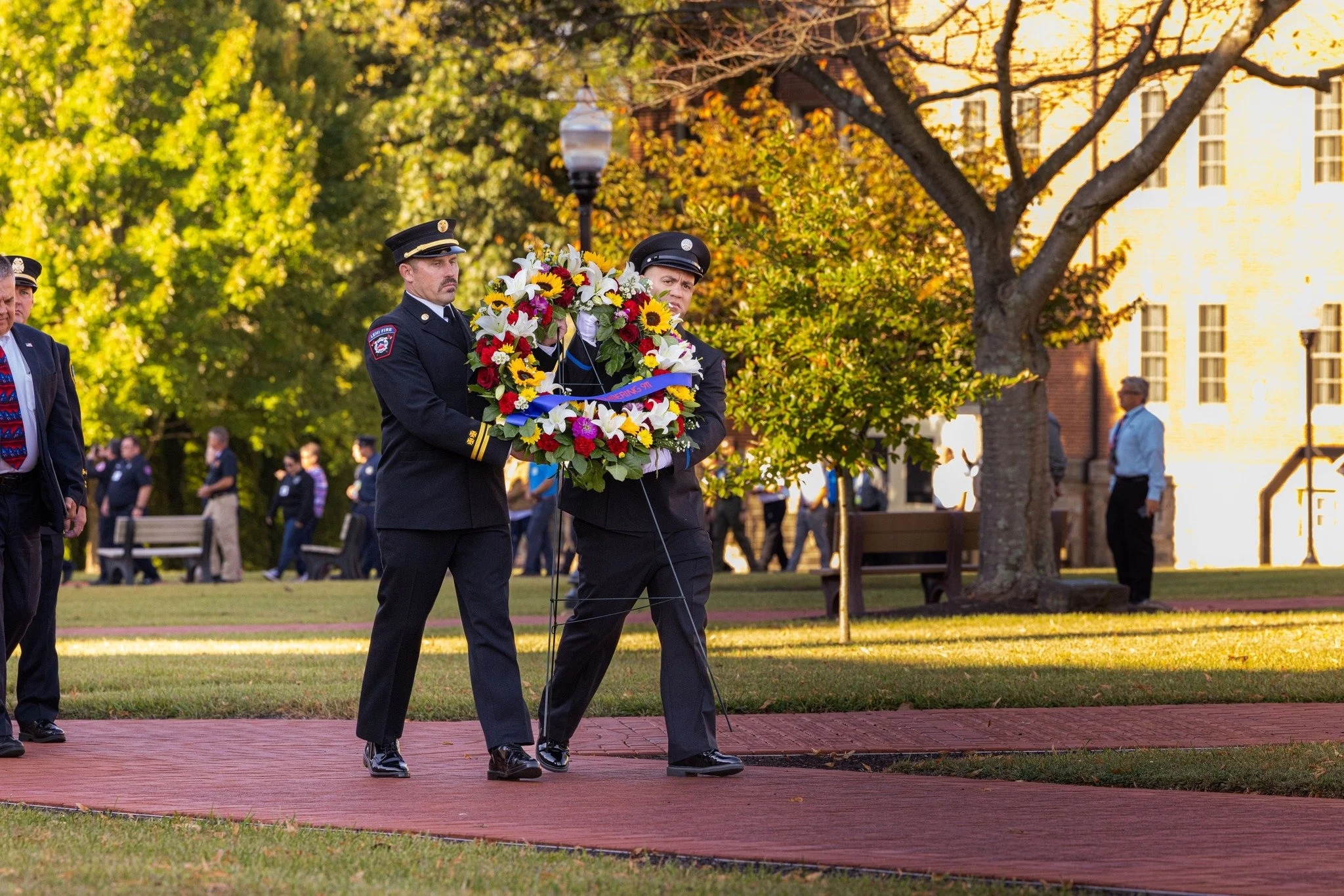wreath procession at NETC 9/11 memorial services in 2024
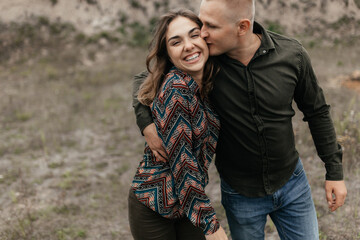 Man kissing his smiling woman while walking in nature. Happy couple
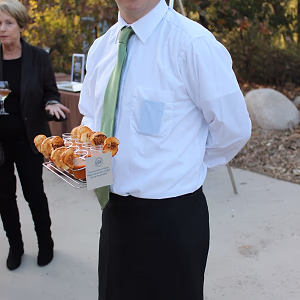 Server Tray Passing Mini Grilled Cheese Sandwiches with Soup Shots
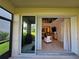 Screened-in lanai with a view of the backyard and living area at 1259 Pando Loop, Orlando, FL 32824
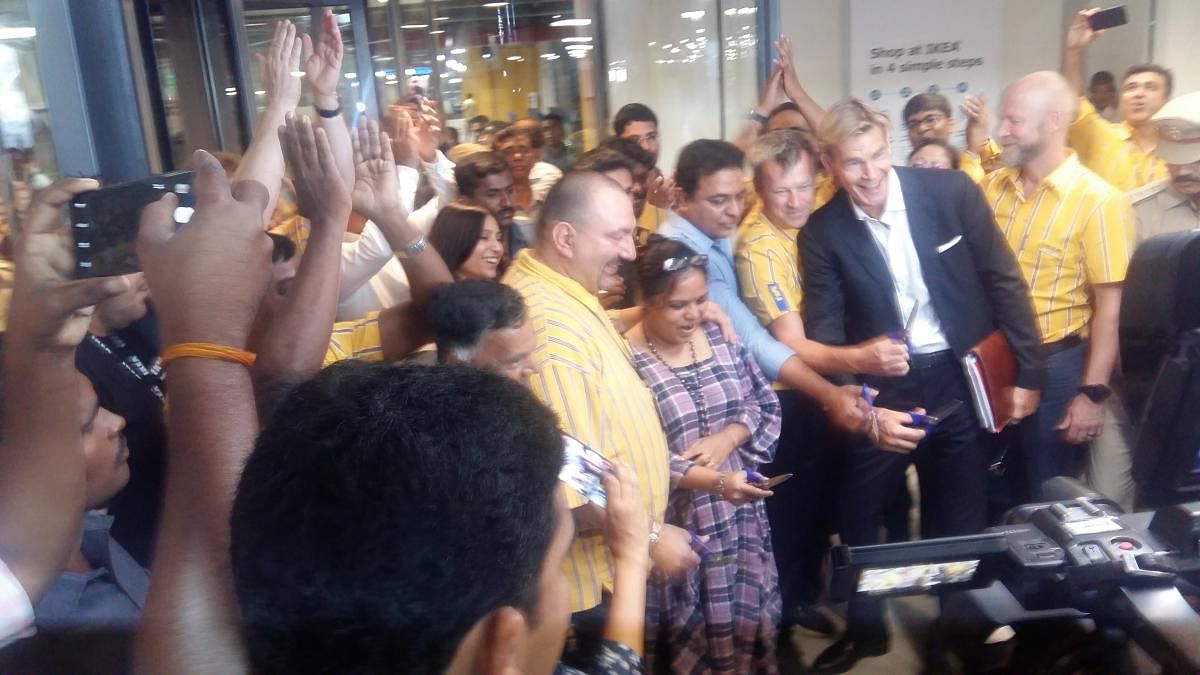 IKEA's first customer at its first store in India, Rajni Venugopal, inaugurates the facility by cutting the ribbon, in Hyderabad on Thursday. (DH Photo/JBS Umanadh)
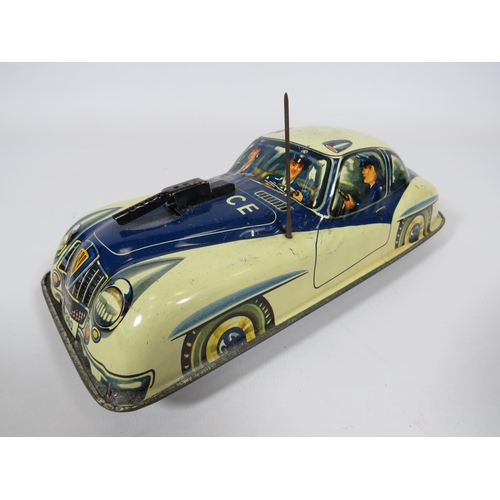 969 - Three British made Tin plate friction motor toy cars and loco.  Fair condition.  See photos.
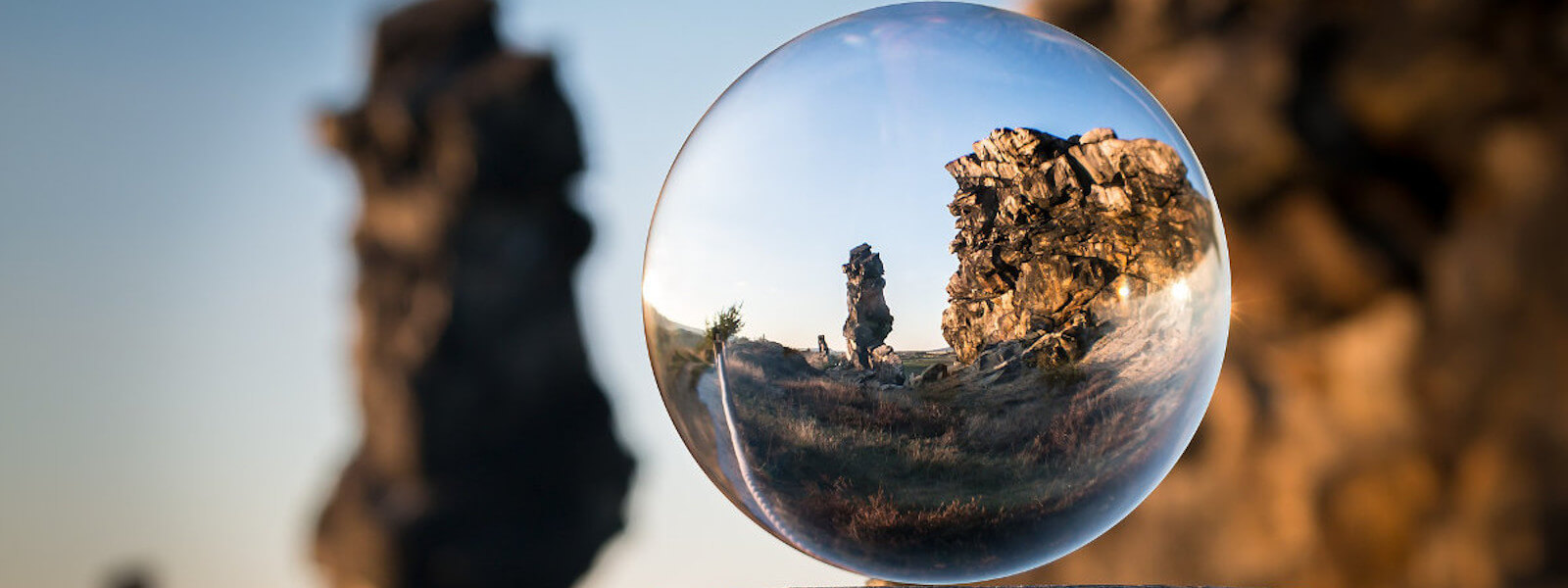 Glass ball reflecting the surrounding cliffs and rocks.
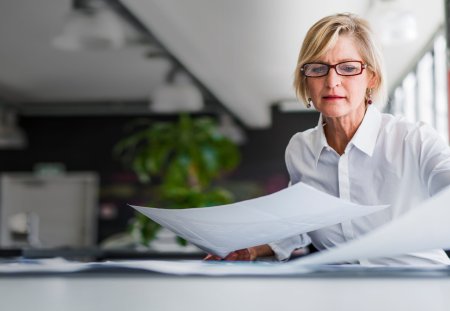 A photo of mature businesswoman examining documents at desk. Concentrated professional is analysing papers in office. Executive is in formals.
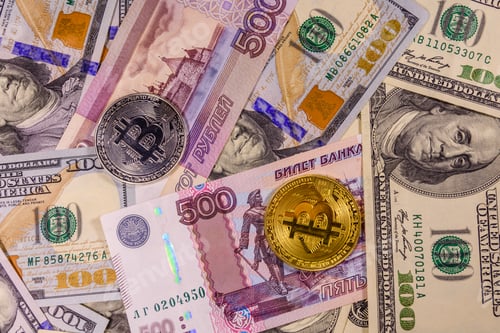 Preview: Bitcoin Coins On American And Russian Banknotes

...

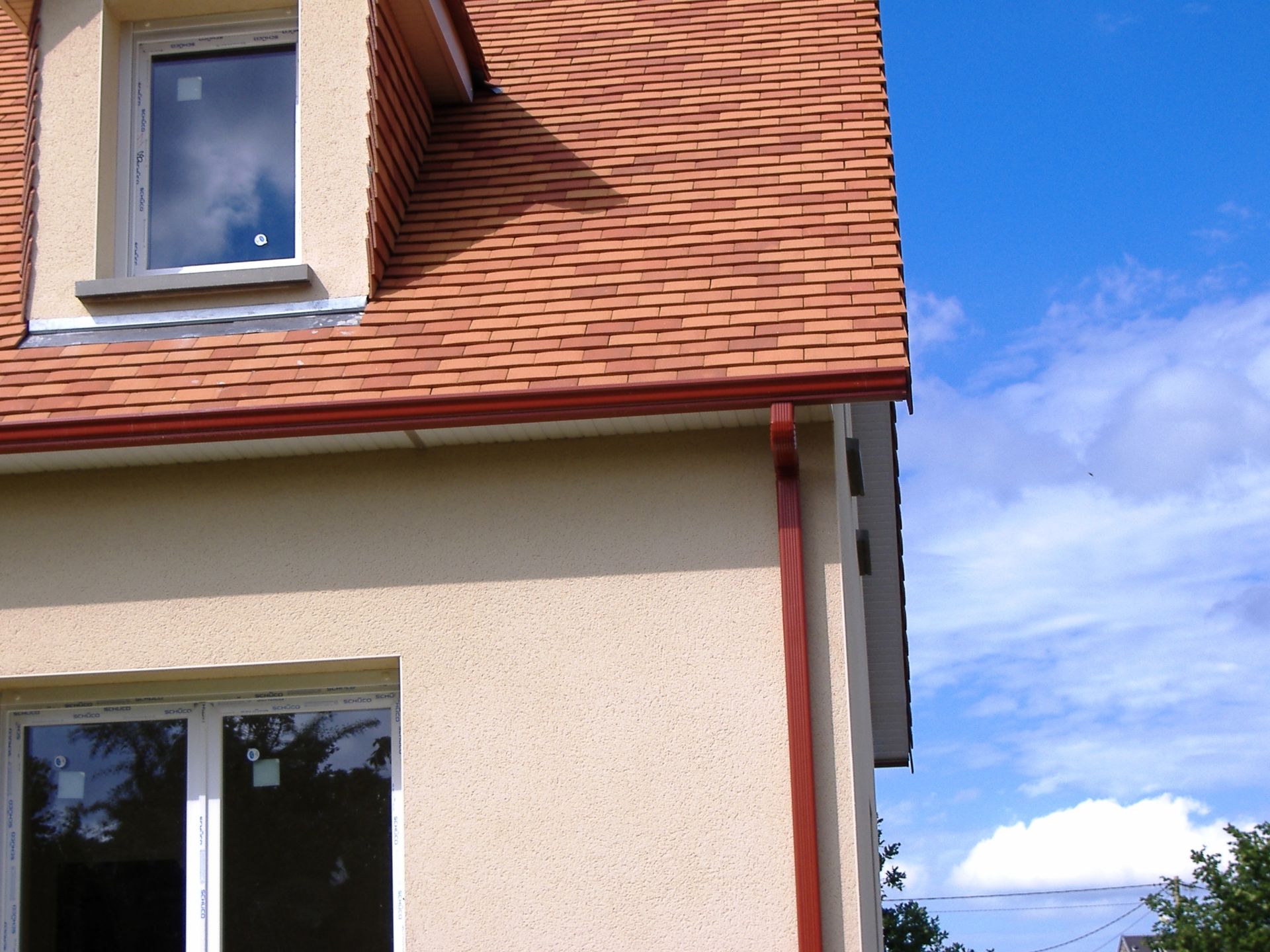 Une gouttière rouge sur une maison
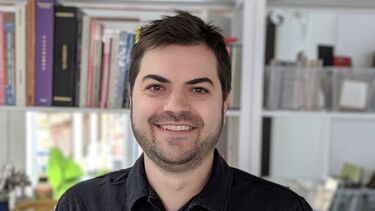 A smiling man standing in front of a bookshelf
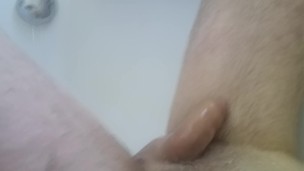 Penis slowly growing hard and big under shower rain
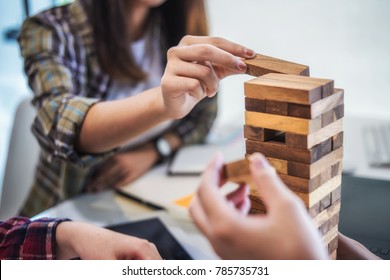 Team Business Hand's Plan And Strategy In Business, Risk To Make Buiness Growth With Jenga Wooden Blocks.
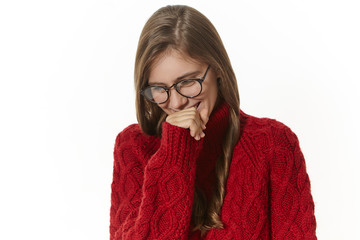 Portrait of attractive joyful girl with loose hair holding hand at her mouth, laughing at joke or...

...

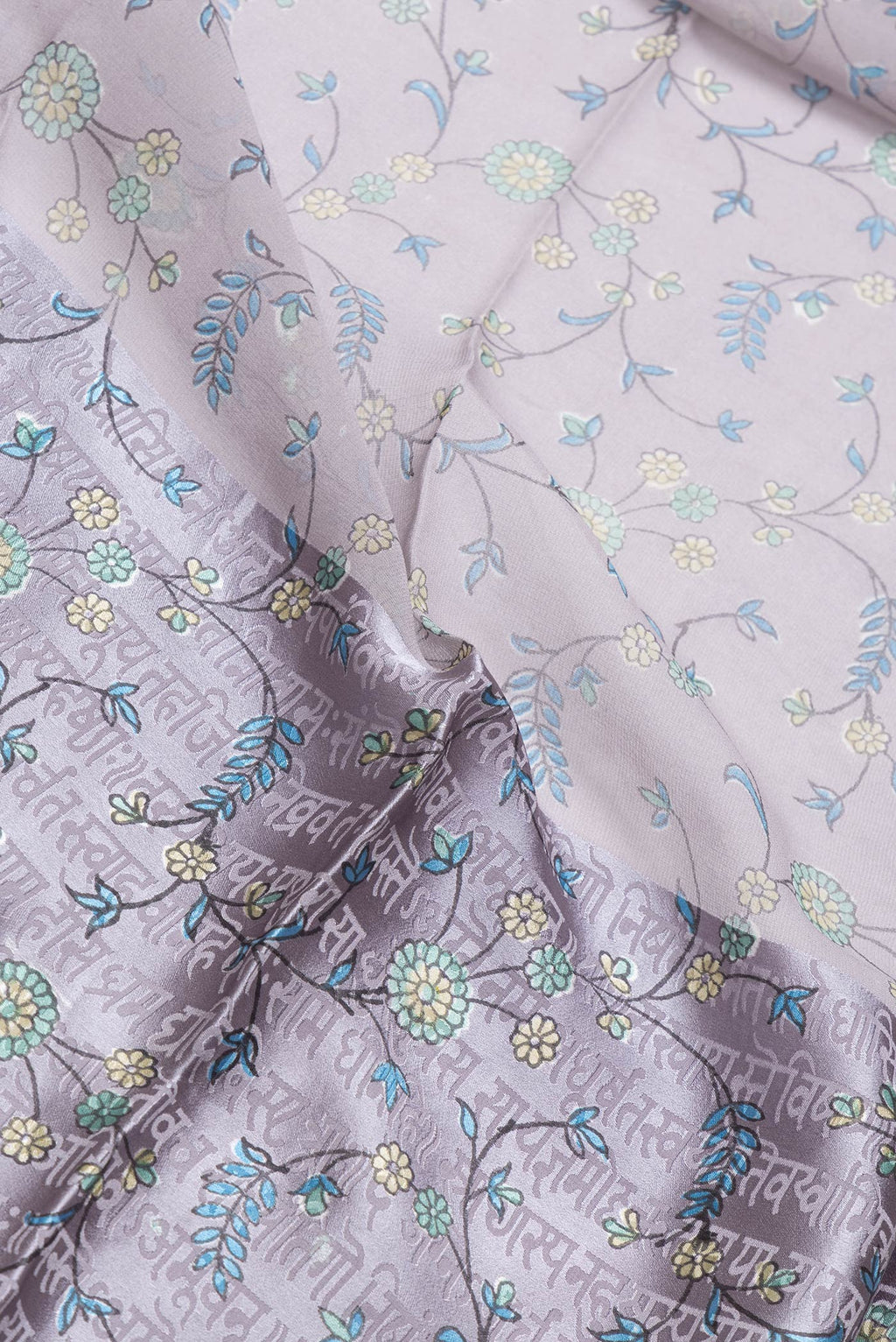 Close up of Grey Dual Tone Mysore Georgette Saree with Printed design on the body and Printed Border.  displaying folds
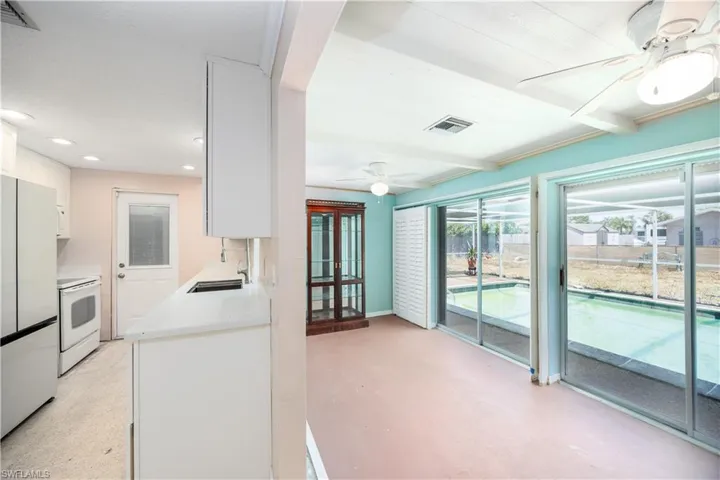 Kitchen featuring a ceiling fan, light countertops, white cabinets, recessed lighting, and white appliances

INSTRUCTIONS FOR THE TASK ->
Reproduce the lines above starting at the one with "Penis slowly growing" and ending at the one with "Portrait of attractive", both included, exactly and with no pictures.

OUTPUT BELOW ->
 Penis slowly growing hard and big under shower rain
 Team Business Hand's Plan And Strategy In Business, Risk To Make Buiness Growth With Jenga Wooden Blocks.
 Portrait of attractive joyful girl with loose hair holding hand at her mouth, laughing at joke or...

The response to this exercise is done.